The Court is of the opinion that the conflicting medical testimony on the only fact considered material by the life insurance company (the presence of hypertensive cardiovascular disease) took the question beyond the province of the Court, which is the usual judge of materiality, and it was properly left to the jury, under the instructions specifically given on the point, to determine whether Sivertsen actually had hypertensive cardiovascular disease at all, or to such a degree as to he material.





Dissenting Opinion

CRAVEN, Circuit Judge

(dissenting).

I agree that the widow’s contentions regarding the propriety of judgment n. o. v. were adequately covered in the opinions previously filed. However, I do not believe the questions raised by Mrs. Sivertsen as to the effect of § 38.1-393 and § 38.1-405, Code of Virginia (1950), should be disposed of without further argument. Section 38.1-405 does exempt “policies issued or granted in exchange for lapsed or surrendered policies” from the requirement of § 38.1-393 that the written application for insurance be attached to the policy when issued. Does this mean that conversion and reissuance of a policy is enough to cure the initial issuance of that policy without the attachment of the written application? I think not. The purpose of the attachment requirement is “that the insured shall have in his possession during his lifetime, and that the beneficiary shall have after the death of the insured, the entire evidence of the contract.” Fisette v. Mutual Life Insurance Co., 162 La. 620, 110 So. 880, quoted with approval in Southland Life Insurance Co. v. Donati, 201 Va. 855, 114 S.E.2d 595, 597 (1960). Interpreting § 38.1-393, the Virginia Supreme Court has said the legislature intended “to restrict the insurer in the use of statements made by the insured in defense of a claim under the policy unless they be incorporated into the contract in the mode prescribed.” Id. at 596. Since the legislature has taken such pains to see that the insured and his beneficiary be given the “entire evidence of the contract,” it would seem incongruous to hold that an insurer’s failure to supply the entire contract could be remedied by the reissuance of an equally incomplete policy upon conversion. The legislature would seem to have contemplated that the § 38.1-405 exemption apply only to policies granted in exchange for lapsed or surrendered *448policies that were in compliance with § 38.1-393.

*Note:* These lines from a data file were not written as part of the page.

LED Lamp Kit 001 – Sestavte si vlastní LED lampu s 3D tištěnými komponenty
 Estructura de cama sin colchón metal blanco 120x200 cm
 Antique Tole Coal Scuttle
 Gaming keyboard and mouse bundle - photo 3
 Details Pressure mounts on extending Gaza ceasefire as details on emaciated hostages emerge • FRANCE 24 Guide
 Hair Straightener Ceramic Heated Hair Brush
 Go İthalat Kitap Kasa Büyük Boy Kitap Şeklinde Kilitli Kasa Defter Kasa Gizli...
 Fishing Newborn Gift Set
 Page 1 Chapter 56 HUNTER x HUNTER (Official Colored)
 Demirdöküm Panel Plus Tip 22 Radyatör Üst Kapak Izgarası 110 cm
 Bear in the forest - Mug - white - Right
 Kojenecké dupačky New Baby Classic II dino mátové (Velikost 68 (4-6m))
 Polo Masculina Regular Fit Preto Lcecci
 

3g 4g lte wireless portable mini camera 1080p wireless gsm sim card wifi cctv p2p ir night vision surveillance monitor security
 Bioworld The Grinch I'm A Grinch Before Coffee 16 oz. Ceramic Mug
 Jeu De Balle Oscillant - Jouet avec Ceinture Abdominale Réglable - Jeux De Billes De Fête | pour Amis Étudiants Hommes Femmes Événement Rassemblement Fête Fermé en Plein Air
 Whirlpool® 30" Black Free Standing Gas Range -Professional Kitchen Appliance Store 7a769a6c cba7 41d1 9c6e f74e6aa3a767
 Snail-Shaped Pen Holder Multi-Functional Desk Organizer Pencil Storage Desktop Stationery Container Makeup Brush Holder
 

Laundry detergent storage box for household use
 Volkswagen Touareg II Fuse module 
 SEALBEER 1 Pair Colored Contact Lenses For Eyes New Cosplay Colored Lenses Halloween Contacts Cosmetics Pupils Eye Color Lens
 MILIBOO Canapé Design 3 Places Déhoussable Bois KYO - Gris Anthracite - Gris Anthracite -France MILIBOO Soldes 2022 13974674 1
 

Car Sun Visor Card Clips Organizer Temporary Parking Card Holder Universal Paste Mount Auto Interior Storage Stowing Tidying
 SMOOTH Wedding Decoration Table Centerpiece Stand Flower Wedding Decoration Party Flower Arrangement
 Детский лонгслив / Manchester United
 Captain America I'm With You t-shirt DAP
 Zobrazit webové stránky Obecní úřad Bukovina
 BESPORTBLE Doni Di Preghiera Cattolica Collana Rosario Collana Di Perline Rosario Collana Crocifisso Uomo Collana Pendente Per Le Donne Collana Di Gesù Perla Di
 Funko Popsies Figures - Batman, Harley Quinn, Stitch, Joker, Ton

Because the proper disposition of this question, and of others requiring interpretation of § 38.1-393, is unclear and has not been adequately considered by the court, I would grant the widow’s petition for rehearing with reargument limited to the § 38.1-393 and § 38.1-405 aspects of the appeal.

I agree that these questions of state law do not justify rehearing en banc.






Rehearing

OPINION AND ORDER ON PETITION FOR REHEARING

PER CURIAM.

In her petition for rehearing, the widow claims (1) that the insurance company here was not entitled under Virginia law to assert a defense of misrepresentation because the written application was not endorsed upon or attached to the insurance policy in question when issued; and (2) that since the pertinent medical evidence was conflicting, this issue was for the jury to resolve. We find no merit in these contentions and deny rehearing.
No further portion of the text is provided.